Sections 5.1 and 5.2 say that you MUST avoid this problem. As this is not a matter of wire protocol, but a matter local implementation, the mechanisms do not belong in the protocol specification itself. They are instead listed in this appendix. Choosing an option will likely depend on the scenarios for which one uses/supports IPsec NAT-T. This list is not meant to be exhaustive, so other solutions may exist. We first describe the generic choices that solve the problem for all upper-layer protocols. Generic choices for ESP transport mode: Tr1) Implement a built-in NAT (network address translation) above IPsec decapsulation.
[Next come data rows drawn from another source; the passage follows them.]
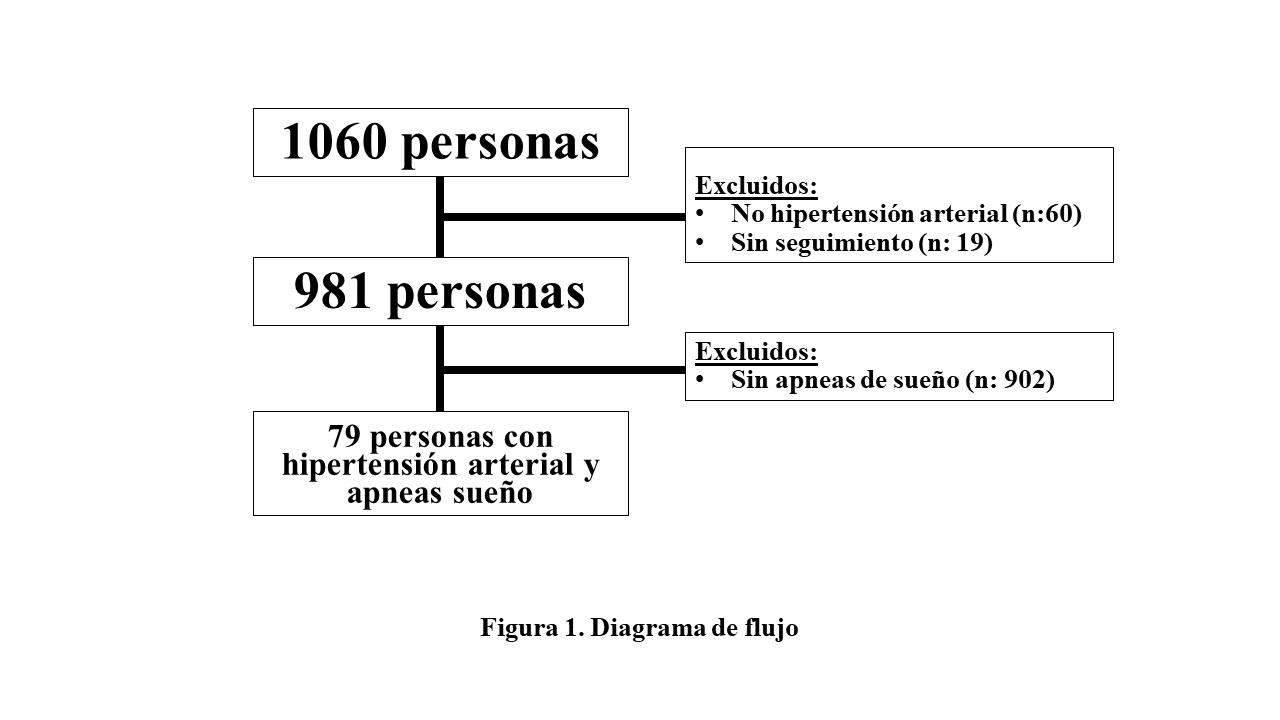 https://revistas.unc.edu.ar/index.php/med/article/viewFile/44619/47076/196798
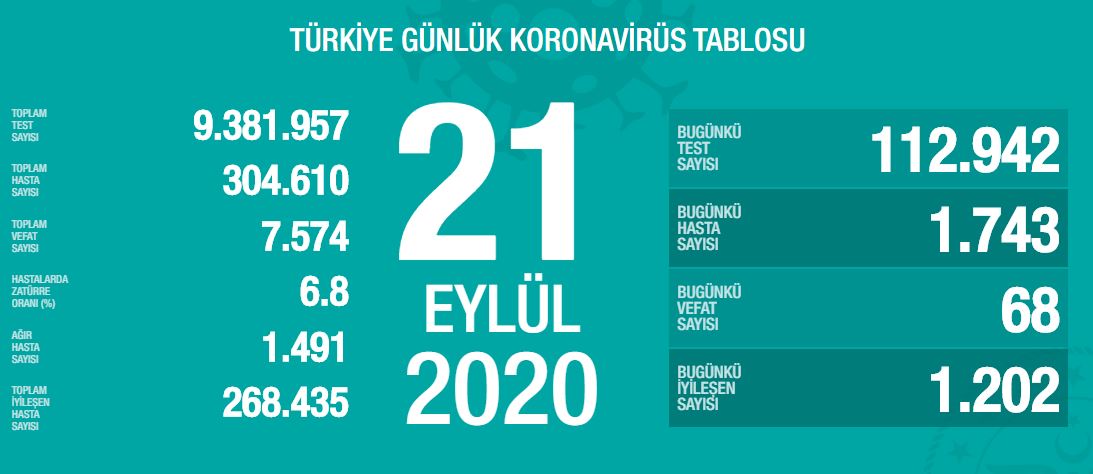 SON DAKİKA: 24 Eylül Türkiye’de corona virüs vaka ve ölü sayısı kaç oldu? Sağlık Bakanlığı Türkiye corona virüsü günlük son durum tablosu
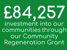 £84,257 Investment into our communities through our Community Regeneration Grant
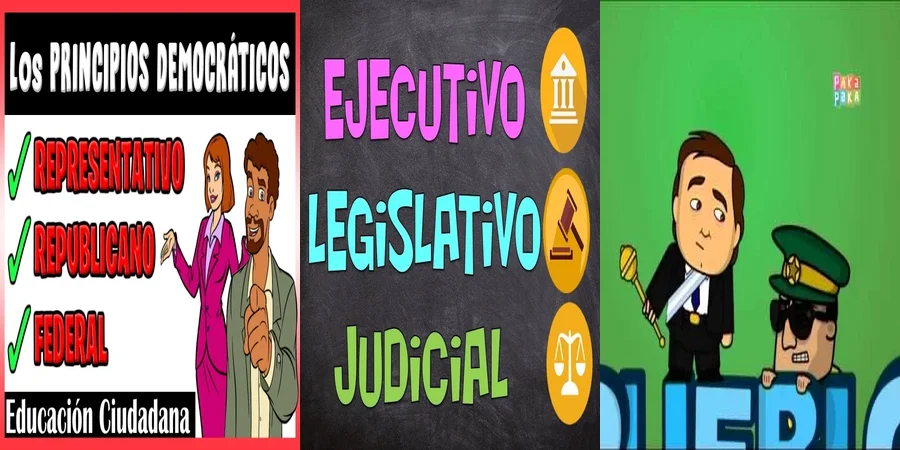 "Entendiendo la Constitución Federal de México: Derechos y Deberes"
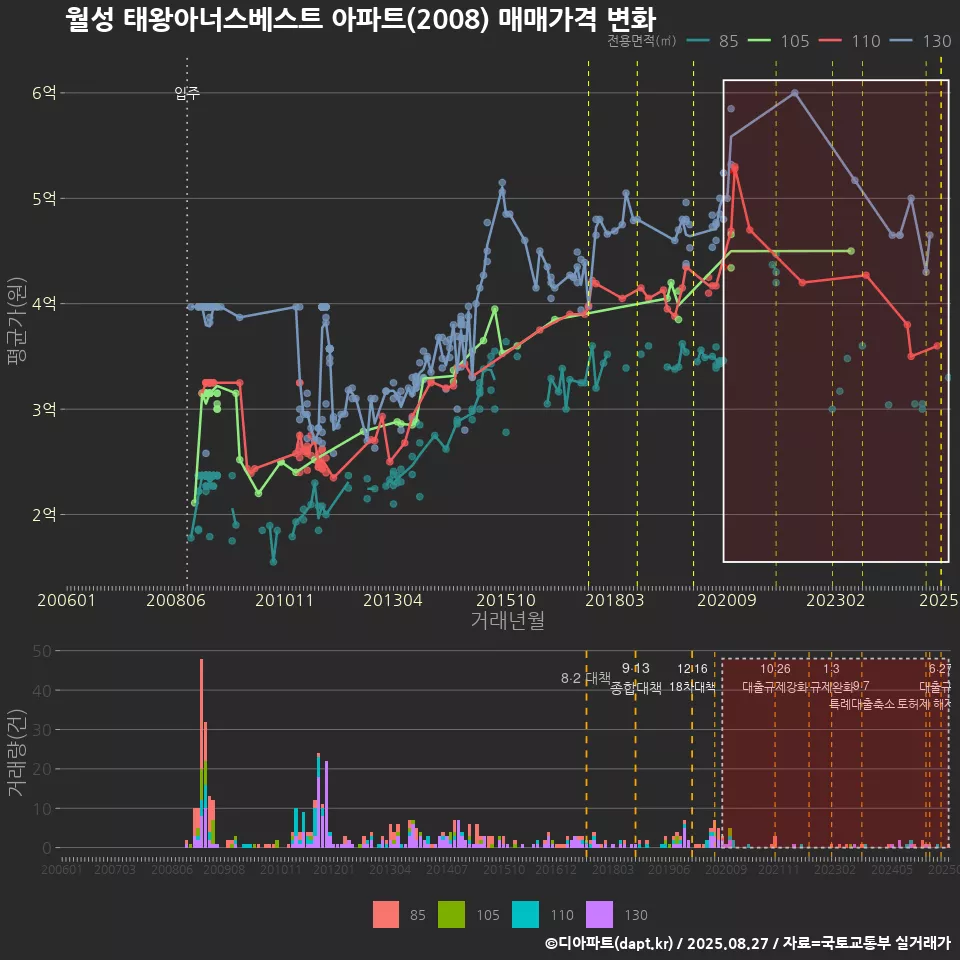 월성 태왕아너스베스트 아파트(2008) 매매가격 변화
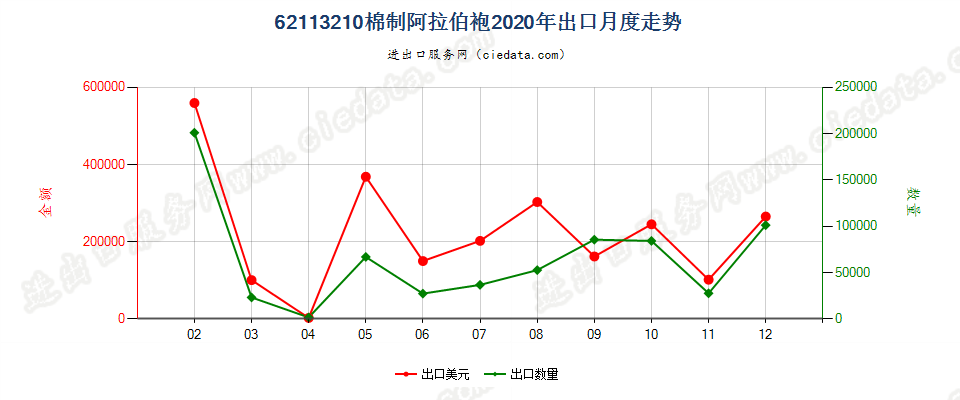 62113210棉制阿拉伯袍出口2020年月度走势图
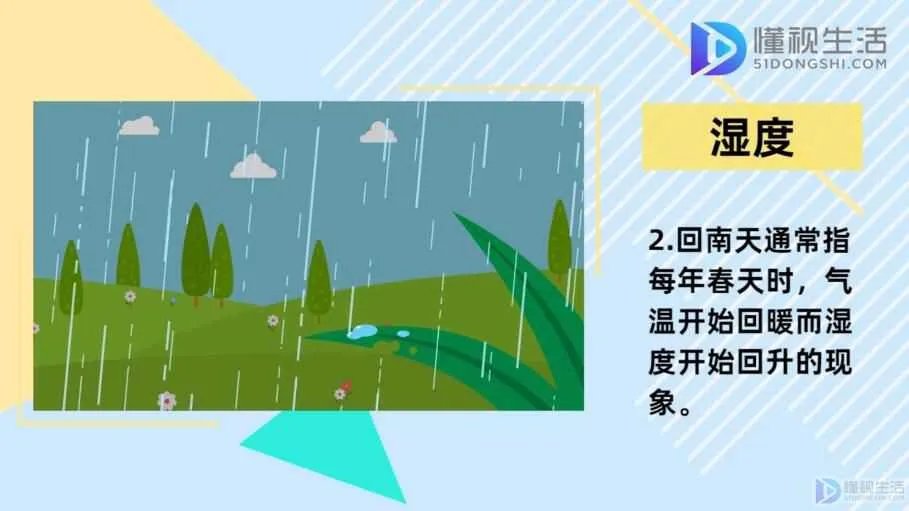 回南天是什么意思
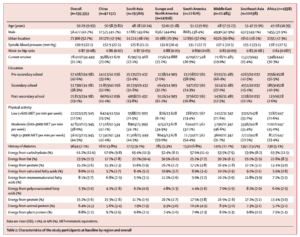 Low-Fat Study Table 1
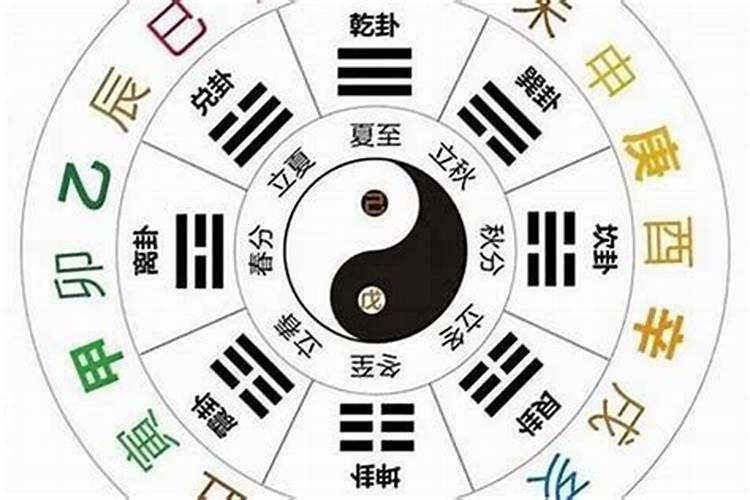 甲木女和丙火男的姻缘 彼此吸引婚姻幸福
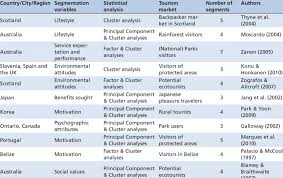 Travel agent/destination specialist at pro travel fresno, california Examples Of Segmentation Studies In Tourism Download Table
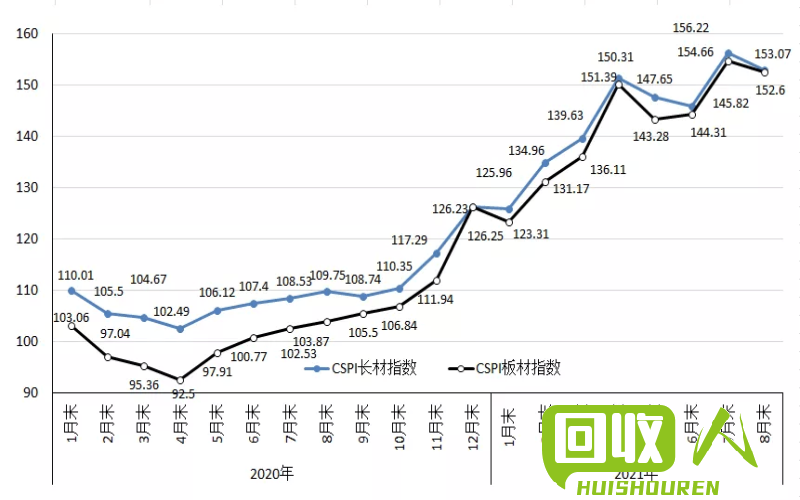 唐山钢材市场价格今日走势详解 今日唐山钢材价格行情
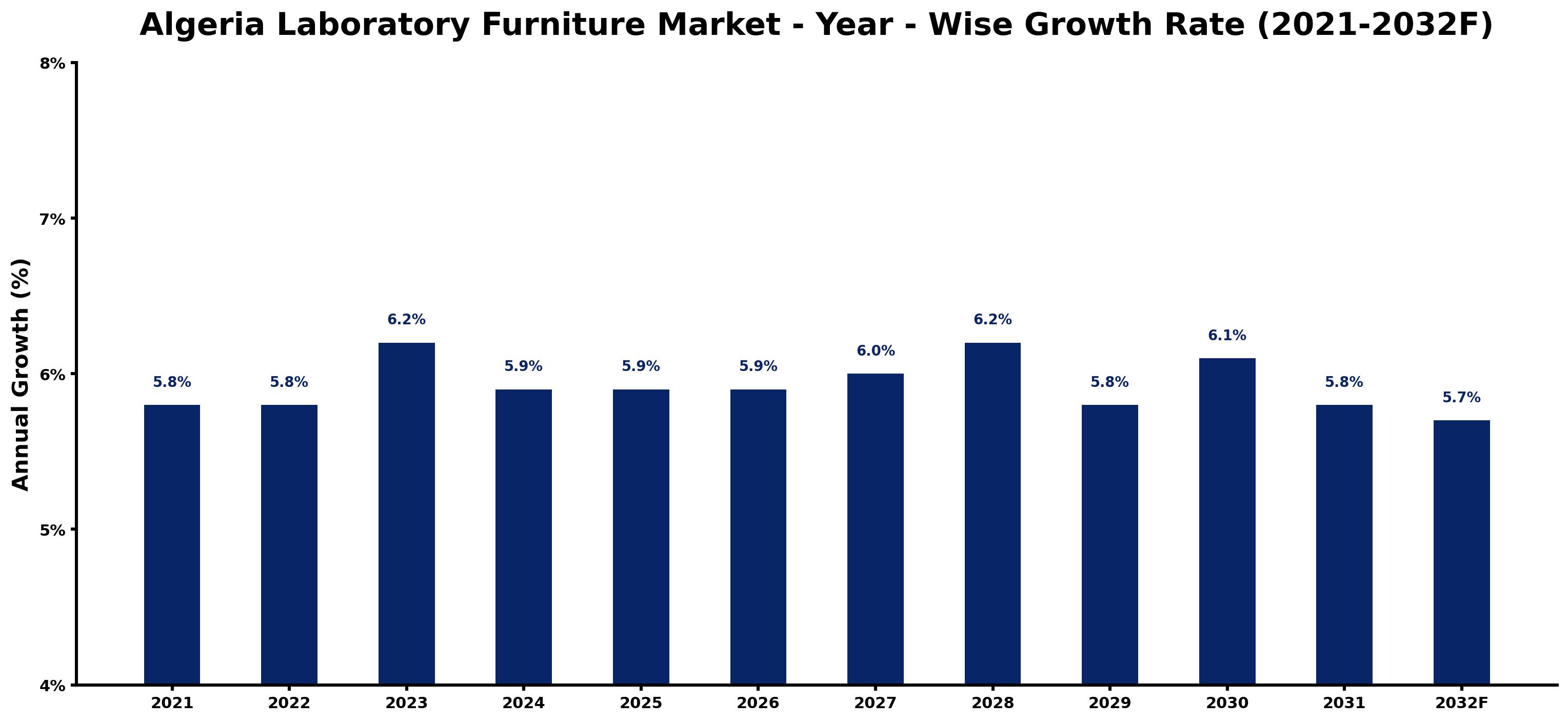 Algeria Laboratory Furniture Market Year-wise Growth Rate and Key Drivers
Tr2) Implement a built-in NAPT (network address port translation) above IPsec decapsulation. Tr3) An initiator may decide not to request transport mode once NAT is detected and may instead request a tunnel-mode SA. This may be a retry after transport mode is denied by the responder, or the initiator may choose to propose a tunnel SA initially. This is no more difficult than knowing whether to propose transport mode or tunnel mode without NAT. If for some reason the responder prefers or requires tunnel mode for NAT traversal, it must reject the quick mode SA proposal for transport mode. Generic choices for ESP tunnel mode: Tn1) Same as Tr1. Tn2) Same as Tr2. Tn3) This option is possible if an initiator can be assigned an address through its tunnel SA, with the responder using DHCP. The initiator may initially request an internal address via the DHCP-IPsec method, regardless of whether it knows it is behind a NAT. It may re-initiate an IKE quick mode negotiation for DHCP tunnel SA after the responder fails the quick mode SA transport mode proposal. This happens either when a NAT-OA payload is sent or because it
discovers from NAT-D that the initiator is behind a NAT and its local configuration/policy will only accept a NAT connection when being assigned an address through DHCP-IPsec. There are also implementation choices that offer limited interoperability. Implementors should specify which applications or protocols should work if these options are selected. Note that neither Tr4 nor Tn4, as described below, are expected to work with TCP traffic. Limited interoperability choices for ESP transport mode: Tr4) Implement upper-layer protocol awareness of the inbound and outbound IPsec SA so that it doesn't use the source IP and the source port as the session identifier (e.g., an L2TP session ID mapped to the IPsec SA pair that doesn't use the UDP source port or the source IP address for peer uniqueness). Tr5) Implement application integration with IKE initiation so that it can rebind to a different source port if the IKE quick mode SA proposal is rejected by the responder; then it can repropose the new QM selector. Limited interoperability choices for ESP tunnel mode: Tn4) Same as Tr4.